Friday, October 30, 2020

ghc-lib-parser module count

ghc-lib-parser module count

When a user installs a program like HLint via Cabal, there's a good chance they'll pay a cost of building ghc-lib-parser. The build time for ghc-lib-parser is proportional to the number of modules that it contains, the less there are the faster it builds. The fewer there are, the better the user experience installing HLint.

Back in September last year there was a bit of a scare. At that time, ghc-lib-parser consisted of around 165 modules (and ghc-lib had roughly 300). An MR landed that unintentionally resulted in ghc-lib-parser needing 543 modules (and ghc-lib getting just 25). Fortunately a quick refactoring sorted that out (thanks @sgraf1337!) As @mpickering_ correctly pointed out at that time "any fix should ensure adding a test to make sure it doesn't happen again". To that end, @cocreature and I managed to work out the details of one which we can have a look at in a minute.
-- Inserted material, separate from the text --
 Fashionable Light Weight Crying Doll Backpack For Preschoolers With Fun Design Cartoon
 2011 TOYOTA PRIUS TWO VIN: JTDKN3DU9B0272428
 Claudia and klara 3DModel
Since a year has now elapsed since the test was introduced, it's interesting to see how the module count has changed over time. TL;DR it's not too bad — the number of modules has increased from around 165 a year ago to about 230 today:

So how does the test work? To be comfortable in the knowledge that the number of modules needed in ghc-lib-parser will not signficantly change without anyone noticing, it's enough to have a program that counts them. That program when inserted into GHC's continuous integration system alerts the committer to a limit breach. How do we count them? We use the GHC API to compute the transitive closure of the dependencies of GHC.Parser — the count is the cardinality of that. The code is only a few lines. The key to it is the function hscGetModuleInterface. You can read the source here.